If your Property has 10.000 URLs it’ll take 5 days for Jetindexer to inspect every URL inside.

Instead of waiting for 5 days to load everything, Jetindexer will load all impressions in last 2 weeks and compare pages present there. You will see a P (possibly indexed) label next to these URLs. Of course these pages will also be checked with the Inspection API when there is an available quota.

You can use Google Cache link from the right column to manually check certain URL.

Permissions when Inspecting URLs

In order to check certain Search Console Properties, the user sending requests needs to have an Owner’s permission.

Search Console Settings showing Users and permissions

Inside Jetindexer, you’ll see an indicator for the permissions on the property.

Webmaster Scope

Before being able to submit URL inspection requests, Jetindexer requires authenticated users to authorize webmaster scope.

https://www.googleapis.com/auth/webmasters

This scope allows Jetindexer to submit URL inspection requests on behalf of the user.

Request Indexing using Google Indexing API

Indexing API allows any site to push new content to Google or request a removal.

Sending a request to the Indexing API is equivalent to manually requesting indexing through Google Search Console UI.

Google Indexing API has the following endpoints:

  • Update a URL
  • Remove a URL
  • Get notification status

We’ll focus only on the Update URL since it’s the most important one.

Update a URL request

Update URL request is used for informing Google about new pages on your site or updated pages.

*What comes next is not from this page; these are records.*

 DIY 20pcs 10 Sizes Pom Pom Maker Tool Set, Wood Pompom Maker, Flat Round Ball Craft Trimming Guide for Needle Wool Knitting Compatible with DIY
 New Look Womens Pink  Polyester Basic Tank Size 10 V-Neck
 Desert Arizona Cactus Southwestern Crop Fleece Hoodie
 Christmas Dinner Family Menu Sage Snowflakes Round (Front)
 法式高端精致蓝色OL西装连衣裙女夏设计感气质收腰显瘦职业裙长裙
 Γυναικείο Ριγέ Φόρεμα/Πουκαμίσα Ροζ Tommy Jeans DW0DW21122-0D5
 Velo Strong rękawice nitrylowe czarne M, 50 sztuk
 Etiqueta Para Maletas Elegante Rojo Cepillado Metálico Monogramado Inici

POST https://indexing.googleapis.com/v3/urlNotifications:publish

The body of the request consists only of 2 properties:

  • url – This is a full URL to the page on your site that you want to index
  • type – Type of the request you’re sending, in this case, URL_UPDATED

Indexing API will return status 200 on successful request. This does not mean it’s instantly indexed, it just notifies you that request went OK.

Limits when requesting Indexing

Here, the limits are based on the GCP project level. Meaning by default you can request 200 indexation per day for 1 project.

In order to increase the number of requests sent daily, you can connect multiple GCP projects.

You can read more about Connecting a GCP project in our guide.

Jetindexer handles projects and their usage limits for you. You can connect multiple projects and decide which Search Console Property can submit requests and how many.

Indexing Scope

In order to submit requests on behalf of a user, Jetindexer needs indexing scope.

https://www.googleapis.com/auth/indexing

Same as for the Webmaster Scope, the user needs to be an owner of the Search Console Property in order to use Indexing API on it.

Scheduling tasks

In order not to break limits, Jetindexer uses a system of scheduled jobs and multiple queues.

Besides the mentioned limits for Indexing and Inspect API, there are limits on the authenticated user level.

A single user can submit 60 requests a minute in total to these APIs. Spreading tasks between GCP Projects and tracking all these limits is a challenging task.

Priorities when Checking and Submitting URLs

Inside Jetindexer, you can decide which sitemaps of the property will be checked and indexed.

This is helpful when you have too many pages to fit in a daily limit.

In a number of cases, there are sitemaps that are not a priority. With this feature, you can stop checking them and spend all your requests on the other more important sitemaps of the property.

Handling Timeouts

Timeouts can occur at any step of the process:

  • timeout when loading a sitemap
  • timeout when inspecting URLs
  • timeout when submitting URLs

Most common timeouts are happening on client servers when they have too big sitemaps.

It’s super important to follow best practices regarding the size of sitemaps. Read about them here.

Jetindexer has a robust retry mechanism when timeouts occur.